Today First Momentum Ventures released its second DeeptechHardware Napkin. Inspired by Point Nine Capital's influential SaaS Funding Napkin, it offers compact insights into the fundraising dynamics of deeptech hardware startups.
I spoke to Dr Maximilian Ochs, VC at First Momentum Ventures and one of the report’s authors, to find out more.
This year’s version includes data from 2024 and 2025, tracking the changes over the last two years.
First Momentum Ventures gathered over 100 anonymised survey responses from around 20 European deeptech venture capital firms. Each entry represents a specific funding round successfully raised by a hardware-first startup, rather than a generalised industry average.
The dataset captures critical investment-time details, including:
- Round size and valuation;
- Public funding received;
- Team composition (e.g. academic vs commercial backgrounds);
- Commercial traction;
- Technical maturity;
Only European startups at Pre-Seed to Series B stage were included, with funding rounds limited to 2024 and 2025, excluding bridge rounds and extensions; the focus was on hardware-first startups such as those in semiconductors, photonics, and robotics, while biotech startups were deliberately excluded.
Key findings on a napkin:
Revenue is not a key metric for early-stage investors
This year, the data included only one Pre-Seed company with revenue (around €500,000 to €2 million). It revealed that startups are less technically mature compared to 2022/23, and investors appear to have more appetite for higher tech risk.
The number of Pre-Seed companies with industrial pilots dropped from 40 per cent to 20 per cent while 80 per cent of startups were in concept or lab demo stage.
Throughout Series A, less than 40 per cent of deeptech hardware companies are still testing lab demonstrators.

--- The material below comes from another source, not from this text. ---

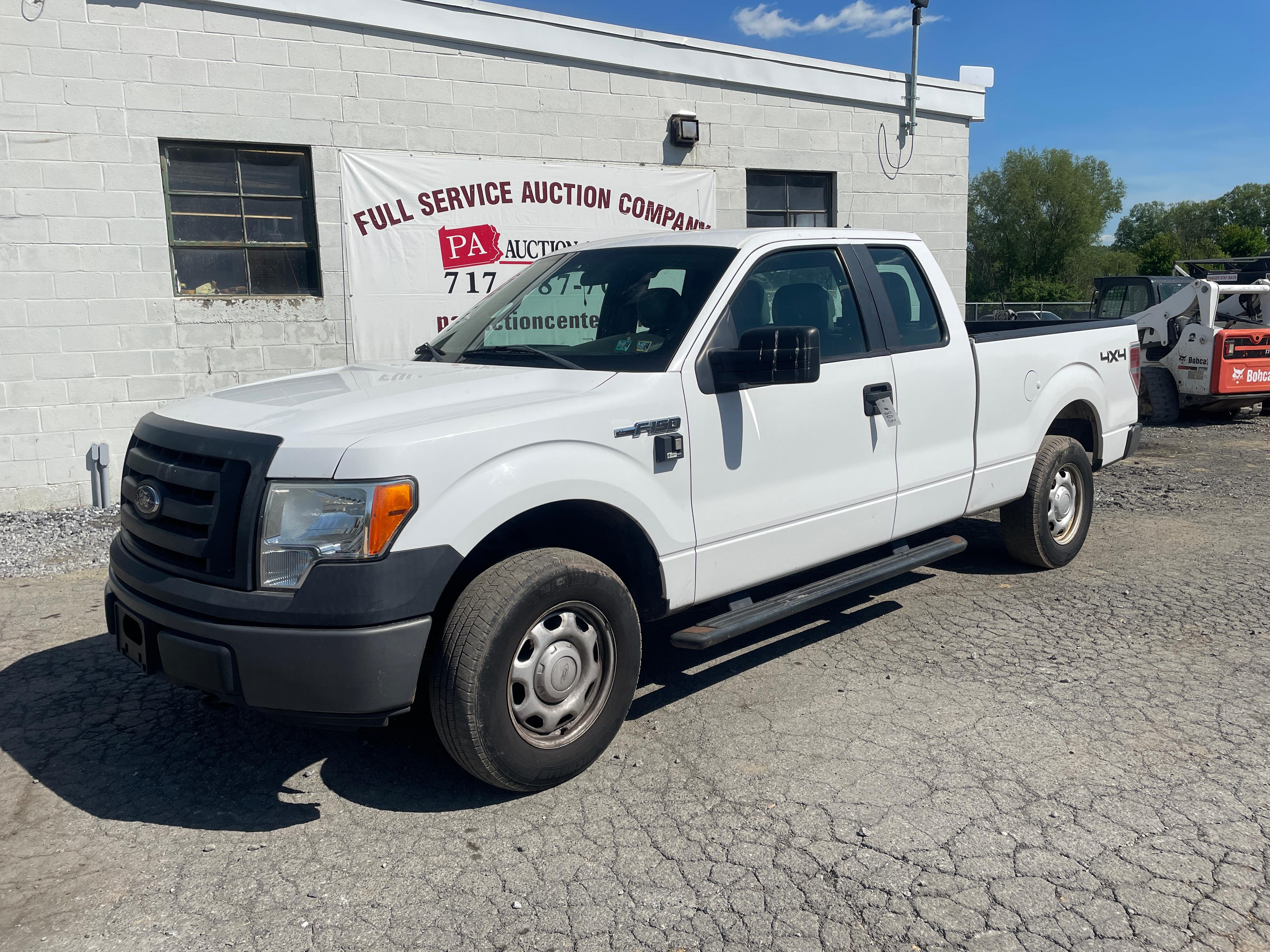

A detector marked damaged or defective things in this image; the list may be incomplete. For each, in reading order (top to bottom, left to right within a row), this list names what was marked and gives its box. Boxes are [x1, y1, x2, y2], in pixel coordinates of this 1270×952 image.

cracked asphalt [2, 418, 1270, 952]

According to Ochs, “While most early-stage startups are in the lab demonstration phase and still years away from commercialisation, this is not just an early-stage issue. Only 30 per cent of the Series B companies included had revenue!
Investors are paying more for companies with less validated technology
Investors seem to have more appetite for tech risk. Especially if this comes with less market risk (let’s say if you can solve the tech, you more or less unlock a massive market).
"Early-stage venture is very competitive, you have lots of funds that want to do deeptech and few very good startups, so one way to compete is to invest earlier than competitors. 90 per cent of Pre-Seed deeptech founders hold PhDs — but commercial experience still lags," shared Ochs.
PhDs dominate over deeptech serial entrepreneurs
Further, 2024 report emphasised the dominance of PhDs and industry veterans in founding teams.
At the Pre-Seed stage, 90 per cent of founders hold a PhD — up from 80 per cent in 2022/23 — while fewer than 40 per cent have relevant industry experience, though that’s an increase from just 27 per cent last year.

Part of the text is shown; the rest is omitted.